Given records:
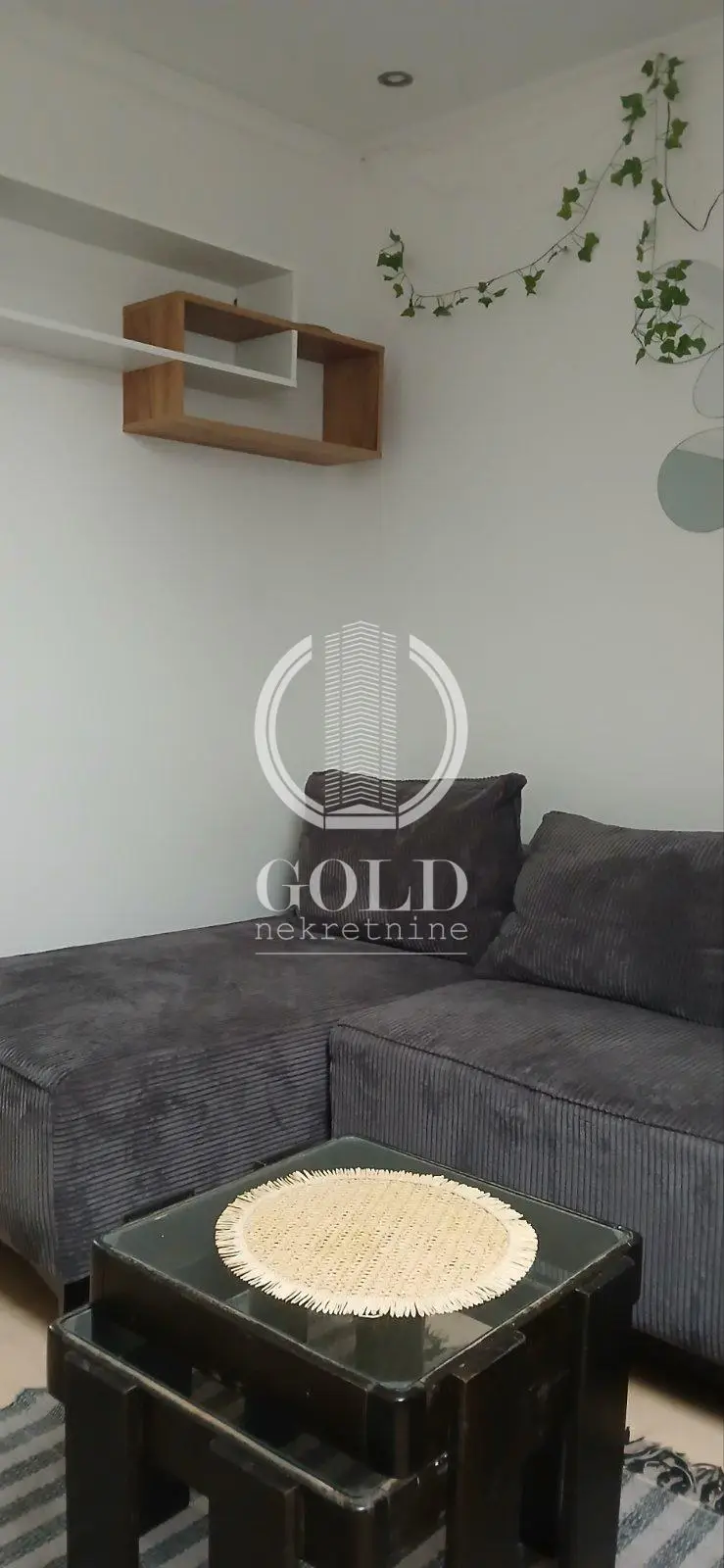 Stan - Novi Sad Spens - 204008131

...

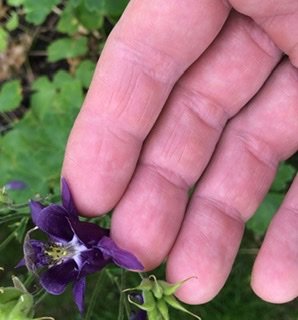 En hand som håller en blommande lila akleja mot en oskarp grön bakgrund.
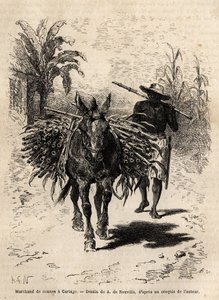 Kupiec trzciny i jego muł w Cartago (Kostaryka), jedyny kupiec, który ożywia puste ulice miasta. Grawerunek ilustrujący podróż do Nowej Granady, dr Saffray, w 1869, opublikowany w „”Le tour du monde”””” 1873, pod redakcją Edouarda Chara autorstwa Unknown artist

Work item: Give again the stretch of the entries above that begins at the line with "En hand som" and ends at the line with "Kupiec trzciny i", word for word, with no pictures.

Exercise solution:
 En hand som håller en blommande lila akleja mot en oskarp grön bakgrund.
 Kupiec trzciny i jego muł w Cartago (Kostaryka), jedyny kupiec, który ożywia puste ulice miasta. Grawerunek ilustrujący podróż do Nowej Granady, dr Saffray, w 1869, opublikowany w „”Le tour du monde”””” 1873, pod redakcją Edouarda Chara autorstwa Unknown artist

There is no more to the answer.